**Exercise description**
When you return the material, keep every line exactly as it is and omit the pictures.

**The data**

Segment Open

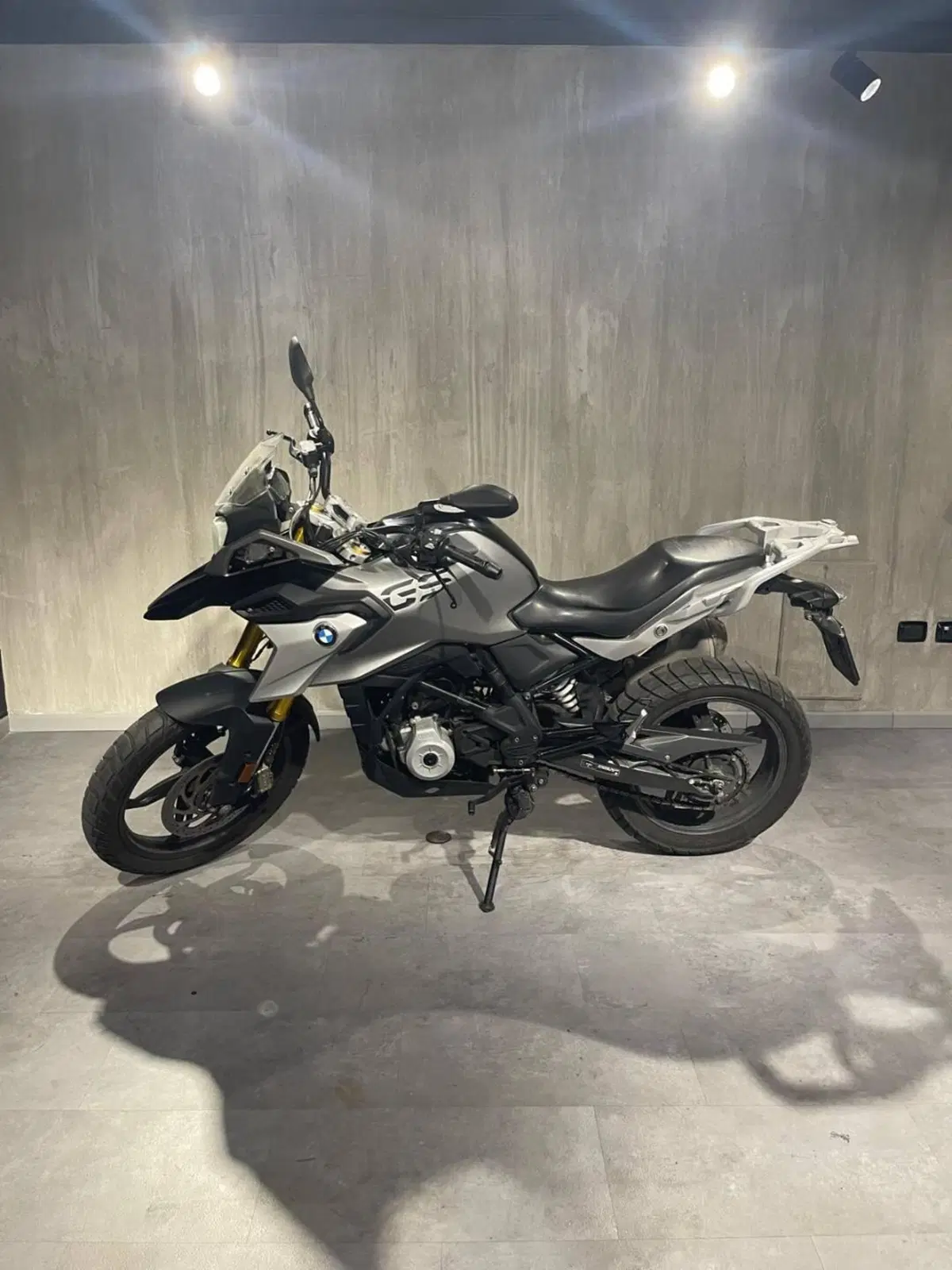 Bmw G 310 GS (2021 - 25) (2)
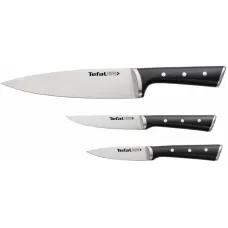 Набір ножів Tefal Ice Force 3 предмети (K2323S74)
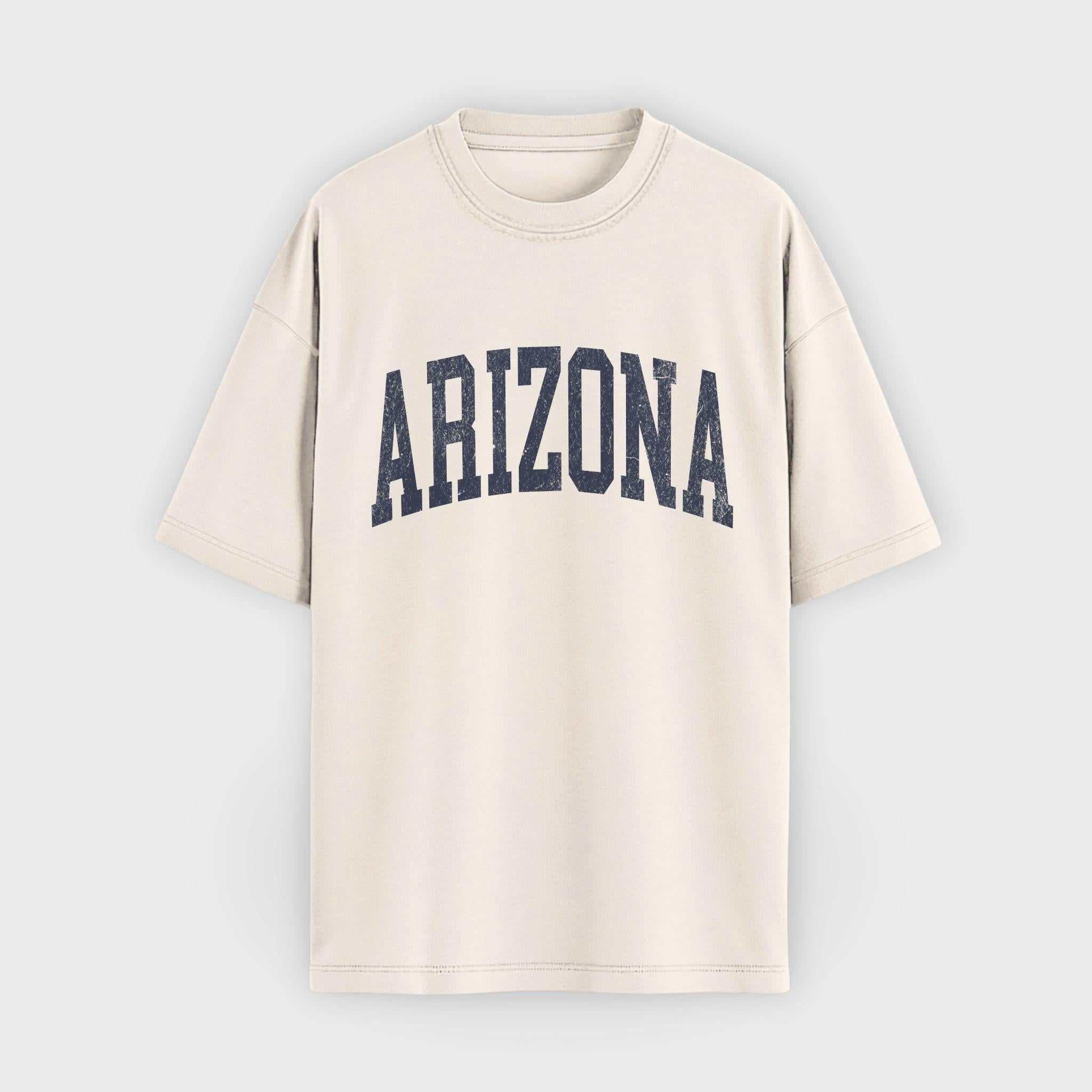 Arizona Varsity State T-Shirt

Segment Closed

**Answer space**
 Bmw G 310 GS (2021 - 25) (2)
 Набір ножів Tefal Ice Force 3 предмети (K2323S74)
 Arizona Varsity State T-Shirt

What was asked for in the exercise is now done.